ImmobilienScout24 zeigt mit seiner Nachfrageanalyse: Münchner Wohnungsmarkt ist umkämpfter denn je

Die Wohnungssuche am Münchner Mietmarkt ist schwierig: 2016 bewarben sich durchschnittlich 95 Personen auf ein inseriertes Mietobjekt – im Vorjahreszeitraum waren es nur 77 Bewerber. Berg am Laim ist mit 145 Interessenten pro Objekt aktuell der nachgefragteste Stadtteil. Das ist das Ergebnis der neuen Nachfrageanalyse von ImmobilienScout24 für den Münchner Immobilienmarkt.

Im Vergleich zum Vorjahreszeitraum ist der Nachfragedruck am Münchner Wohnungsmarkt damit um 23 Prozent angestiegen (2015: 77 Bewerberanfragen pro Objekt). Der Stadtteil mit dem höchsten Nachfragedruck ist Berg am Laim: Hier bewarben sich 2016 im Durchschnitt 145 Mietinteressenten für ein Objekt, gefolgt von Sendling mit 138 Kontaktanfragen und Laim mit 135 Interessenten. In Moosach kommen 132 Mitbewerber auf ein Objekt, während Obergiesing mit 125 Bewerbern Platz 5 der nachgefragtesten Stadtteile Münchens belegt. Für die Analyse wurden 30.000 Mietobjekte ausgewertet, die im vergangenen Jahr auf ImmobilienScout24.de gelistet wurden. Eine interaktive Übersichtskarte zur Veranschaulichung der durchschnittlichen Kontaktanfragen pro inseriertem Mietobjekt finden Sie
https://www.immobilienscout24.de/ratgeber/immobiliensuche-tipps/mieten-in-muenchen.html.

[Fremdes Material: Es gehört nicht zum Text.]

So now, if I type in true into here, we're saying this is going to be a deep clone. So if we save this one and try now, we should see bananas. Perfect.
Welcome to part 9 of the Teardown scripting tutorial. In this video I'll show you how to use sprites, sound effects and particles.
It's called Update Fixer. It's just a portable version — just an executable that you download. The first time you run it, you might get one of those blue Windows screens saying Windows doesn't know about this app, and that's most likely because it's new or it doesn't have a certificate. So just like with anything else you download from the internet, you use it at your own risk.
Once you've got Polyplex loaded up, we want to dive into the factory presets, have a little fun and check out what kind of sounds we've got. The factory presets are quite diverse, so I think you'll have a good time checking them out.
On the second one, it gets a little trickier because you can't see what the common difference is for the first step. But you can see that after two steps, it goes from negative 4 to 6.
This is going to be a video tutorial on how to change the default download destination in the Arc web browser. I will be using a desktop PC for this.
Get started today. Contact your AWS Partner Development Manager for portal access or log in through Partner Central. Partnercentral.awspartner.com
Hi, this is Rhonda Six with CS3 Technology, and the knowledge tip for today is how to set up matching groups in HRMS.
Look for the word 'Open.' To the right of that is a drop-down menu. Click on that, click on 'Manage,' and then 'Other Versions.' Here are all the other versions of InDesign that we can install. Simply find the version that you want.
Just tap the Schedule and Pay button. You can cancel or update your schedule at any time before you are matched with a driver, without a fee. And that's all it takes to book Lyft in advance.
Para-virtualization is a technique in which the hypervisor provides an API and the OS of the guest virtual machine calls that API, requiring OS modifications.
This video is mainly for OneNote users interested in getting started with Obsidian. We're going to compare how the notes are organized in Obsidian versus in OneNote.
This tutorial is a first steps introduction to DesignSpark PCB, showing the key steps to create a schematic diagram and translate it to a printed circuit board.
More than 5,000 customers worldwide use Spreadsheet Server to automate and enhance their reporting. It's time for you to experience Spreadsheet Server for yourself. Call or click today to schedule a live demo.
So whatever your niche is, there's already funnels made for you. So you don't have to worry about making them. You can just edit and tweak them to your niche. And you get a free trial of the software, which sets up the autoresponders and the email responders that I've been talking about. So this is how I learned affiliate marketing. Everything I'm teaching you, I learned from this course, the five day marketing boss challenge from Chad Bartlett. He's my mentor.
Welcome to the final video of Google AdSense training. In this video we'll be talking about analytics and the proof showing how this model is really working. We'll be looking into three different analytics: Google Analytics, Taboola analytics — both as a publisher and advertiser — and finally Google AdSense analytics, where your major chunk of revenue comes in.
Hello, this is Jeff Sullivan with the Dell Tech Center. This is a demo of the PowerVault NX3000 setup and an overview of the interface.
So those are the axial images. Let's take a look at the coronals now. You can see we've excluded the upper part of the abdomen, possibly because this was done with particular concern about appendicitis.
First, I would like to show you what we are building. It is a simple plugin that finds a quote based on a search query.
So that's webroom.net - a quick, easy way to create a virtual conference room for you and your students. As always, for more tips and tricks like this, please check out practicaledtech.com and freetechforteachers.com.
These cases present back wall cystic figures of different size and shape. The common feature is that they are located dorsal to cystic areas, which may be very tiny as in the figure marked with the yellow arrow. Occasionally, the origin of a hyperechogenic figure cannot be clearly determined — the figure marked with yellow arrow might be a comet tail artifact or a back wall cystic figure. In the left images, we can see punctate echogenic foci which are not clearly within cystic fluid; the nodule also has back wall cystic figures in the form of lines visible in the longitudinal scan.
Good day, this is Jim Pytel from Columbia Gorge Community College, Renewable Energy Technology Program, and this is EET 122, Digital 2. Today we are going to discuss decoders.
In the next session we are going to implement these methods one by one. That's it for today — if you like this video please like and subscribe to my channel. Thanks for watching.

München im deutschen Vergleich auf Platz 1 mit dem höchsten Nachfragedruck

Im bundesweiten Vergleich liegt die bayrische Hauptstadt auf Platz 1 der Wohnungsmärkte mit dem höchsten Nachfragedruck. Köln folgt mit 70 Mietanfragen pro Objekt. Weit dahinter liegen Frankfurt mit 47 Kontaktanfragen, Berlin (46 Anfragen) und Hamburg (38 Anfragen). „Die zahlreichen Kontaktanfragen pro Objekt kommen insbesondere durch die geringe Leerstandsquote und die hohen Mietkosten in München zustande: Wer einmal eine Wohnung gefunden hat, gibt diese nicht so schnell wieder her. Wer auf der Suche ist, bewirbt sich auf viele Mietwohnungen gleichzeitig, um die Chance auf ein neues zu Hause zu erhöhen“, sagt Michael Steffen, Geo-Data-Analyst bei ImmobilienScout24. „Dass dies die Anzahl der Kontaktanfragen pro Objekt in die Höhe treibt, ist dabei ein natürlicher Effekt und unterstützt die derzeitige Entwicklung am Münchner Wohnungsmarkt.“

Teure Stadtmitte – günstiger(er) Nord-Westen

In der Münchner Innenstadt, den Stadtteilen Altstadt-Lehel und Ludwig-Isarvorstadt ist die Nachfrage nach Mietobjekten am geringsten. Gleichzeitig sind dies jedoch auch die teuersten Viertel der Stadt: In der Ludwigvorstadt-Isarvorstadt müssen Interessenten durchschnittlich 16,29 Euro und im Stadtteil Altstadt-Lehel sogar 16,78 Euro pro Quadratmeter zahlen. Der angrenzende Bezirk Schwabing-West – mit Mietpreisen von durchschnittlich 16,54 Euro pro Quadratmeter – zählt zu einem der teuersten der Stadt. Trotz der hohen Mietpreise müssen Mietinteressenten aber auch in diesen Stadtvierteln mit über 50 Mitbewerbern im Durchschnitt pro Objekt rechnen.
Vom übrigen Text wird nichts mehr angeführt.